AĞIR OL DA MOLLA DESİNLER!
Gündem tersyüz…
“Alçak, namert, hain, şerefsiz, ahlaksız, utanmaz…”
sözleriyle Kürt açılımını geride bıraktık. Şimdi Ermeni
açılımı açıldı…
Nereden nereye geldik. Bir sorunu halledemeden bir
ikincisi çıktı karşımıza.
Hatırlayacaksınız, daha önce laiklik ilkesinin delinmesi
ile ilgili tartışmaların içindeydik, gerildik. Ardından
Cumhurbaşkanı dayatması ile bunaldık. Kadrolara F tipi
binlerce insan dolduruldu, sıkıldık. YÖK ile sarsıldık,
alıştık. Düne kadar “Kürt açılımı” ile uğraşır
tartışırken birdenbire kendimizi “Ermeni açılımı” nın
içinde bulduk.
Dışişleri Bakanı Davutoğlu’nu Irak’a uğurladık,
Türkiye-Ermenistan açılımı ile karşıladık.
Eskiden ülke sorunları kamuoyunda tartışılır,
Dışişlerinin, Üniversitelerin görüşleri alınır,
değerlendirilirdi. Şimdi her şey, ama her şey
kamuoyundan gizli yapılıyor. Hatta Dışişleri,
Üniversiteler ya da ilgili kurumlar da bilmiyor ne
olduğunu, neler olacağını.
İşte Ermenistan meselesi… Geçtiğimiz yıl Ekim ayında
Cumhurbaşkanı çat kapı Erivan’a gitme kararı almadı mı?

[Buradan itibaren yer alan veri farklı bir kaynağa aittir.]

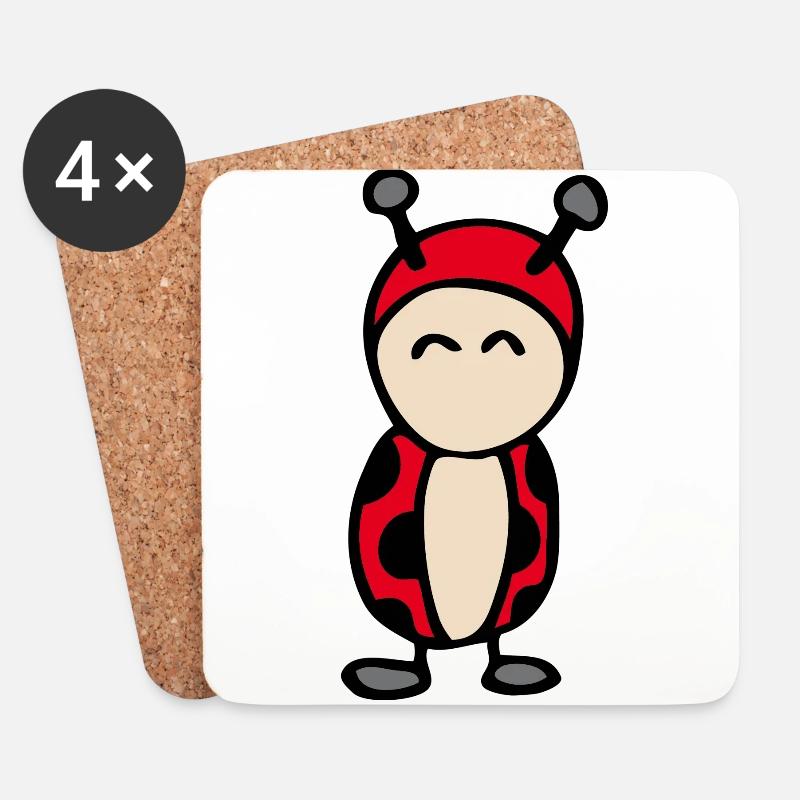 ladybugs - Coasters (set of 4) - white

Başı bağlı eşi ile T.C. Devletinin uçağı ile
Ermenistan’a gidip maç seyretmedi mi? Resmi midir, gayri
resmi midir nedir bilinmez ilişkileri başlatmadı mı?

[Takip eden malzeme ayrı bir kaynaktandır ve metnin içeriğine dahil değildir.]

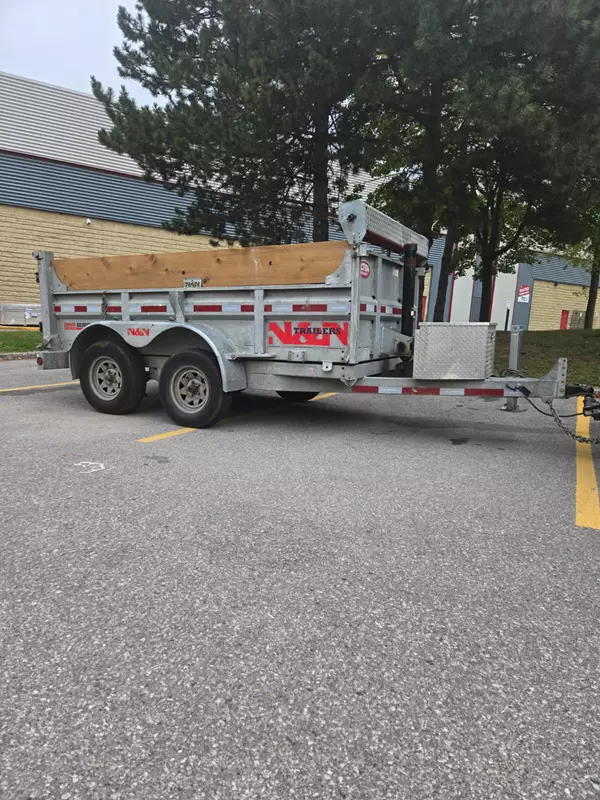 5' x 10' Glavanized Dump Trailer (Dual Axle)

Gitti, maçı seyretti, görüştü ve geldi.
Nerede o kırmızı çizgi: “Türkiye, sözde soykırım
iddialarından vazgeçmedikçe, işgal ettiği Azerbaycan
topraklarından çekilmedikçe, Ermenistan ile bir araya
gelmeyecektir.”
Bunu bile bile gitti Gül. Neden? Çünkü ABD ve AB
gitmesini istedi de ondan… İç ve dış
malum çevrelerden büyük alkış alırken bizi, “Tek millet
iki Devlet” sayan kardeş ülkede ipler gerildi.

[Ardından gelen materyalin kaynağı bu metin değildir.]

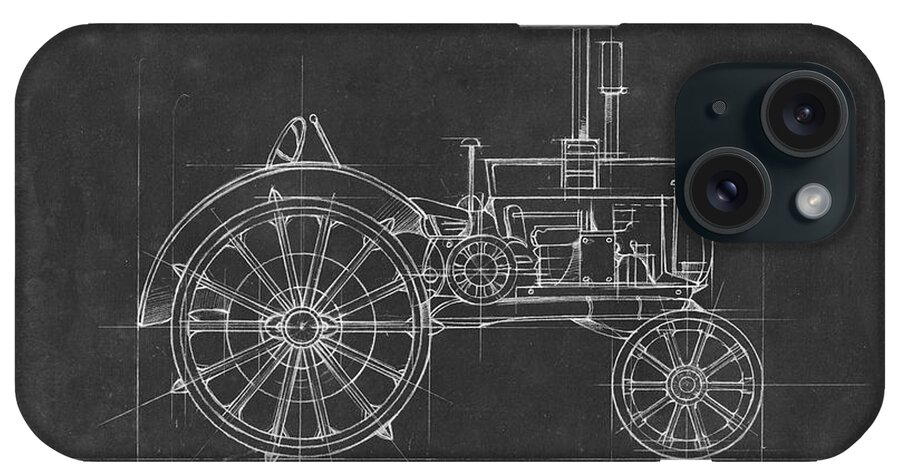 Transportation iPhone Case featuring the painting Tractor Blueprint II #1 by Ethan Harper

Azerbaycan’da yer yerinden oynadı, dostluğa takoz
konuldu. İş ciddiye binince bu kez Başbakan Erdoğan
devreye girdi. Bakü’ye gitti, Azerbaycan parlamentosunda
kürsüye çıktı ve söz verdi:
“Ermenistan işgali dinmedikçe, Ermeni askerleri
Karabağ’dan çekilmedikte, bir buçuk milyon kaçkın Azeri
kardeşimiz evlerine dönmedikçe biz sınırlarımızı
açmayız. Bu bir sözdür, bu Türkiye’nin kardeş
Azerbaycan’a verdiği güvencedir.”
Azeri kardeşlerimizin gözleri yaşarmıştı. En
yakınlarındaki Türk dostlarına koştular, kucaklaştılar…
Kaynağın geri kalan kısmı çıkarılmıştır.